I am using C#
string content = " 4 marco bob 53 AUSTRIA (Jan. 13, 2012) – McDonald Janruary 15, 2021 July 15, 2923 June 2 2343 7/25/23 08/22/3323";
This should recognice all the dates except “4 marco bob 53” which is obviously not a datetime. However, my rules(below) match it(4 marco bob 53) and I cannot figure out how to avoid matching that(or similar examples).

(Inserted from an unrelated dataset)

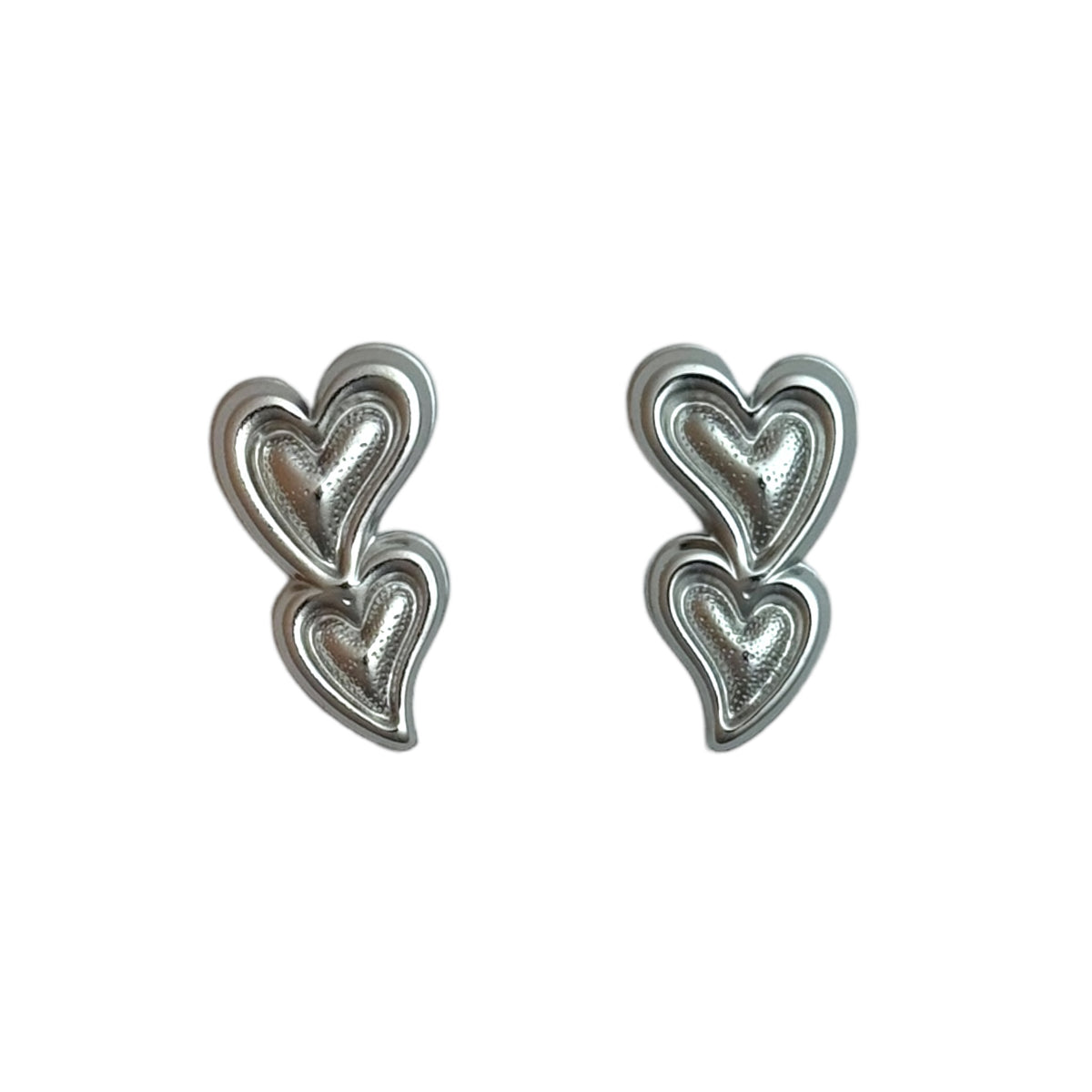 Dubbel love harten studs oorbellen Goud SOFIZARE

I am trying to match the string above for all the date times. I wrote 3 rules to match some common date patterns.
eg:
Pattern f0: 5/2/2012
Pattern f2: 3 March 1900 or 3 Mar 1990 or 3 MAR. 1990 etc…
Pattern f3: Jan. 4, 2021 or January 4 2021, etc…

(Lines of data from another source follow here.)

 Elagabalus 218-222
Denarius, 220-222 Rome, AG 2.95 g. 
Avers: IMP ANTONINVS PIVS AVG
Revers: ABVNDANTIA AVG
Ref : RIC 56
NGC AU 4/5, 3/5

string f0 = "([0-9]{1,2})/([0-9]{1,2})/([0-9]{2,4})";
string f1 = "([0-9]{1,2})\\s+([jJ][aA][nN].*?|[fF][eE][bB].*?|[mM][aA][rR].*?|[aA][pP][rR].*?|[mM][aA][yY].*?|[jJ][uU][nN].*?|[jJ][uU][lL].*?|[aA][uU][gG].*?|[sS][eE][pP].*?|[oO][cC][tT].*?|[nN][oO][vV[.*?|[dD][eE][cC].*?)\\s+([0-9]{2,4})";
string f2 = "([jJ][aA][nN].*?|[fF][eE][bB].*?|[mM][aA][rR].*?|[aA][pP][rR].*?|[mM][aA][yY].*?|[jJ][uU][nN].*?|[jJ][uU][lL].*?|[aA][uU][gG].*?|[sS][eE][pP].*?|[oO][cC][tT].*?|[nN][oO][vV[.*?|[dD][eE][cC].*?)\\s+([0-9]{1,2})[\\s,]+([0-9]{2,4})";
I am new to regex, so I am sure I am doing some silly stuff(like not using case insensitive options etc), so let me know how i can improve this as well.
This is for learning regex, not learning how to use library functions….
Aggregated some of the answers posted to do what I wanted. This seems to be finding dates in free text reasonably well. Thanks to all posters.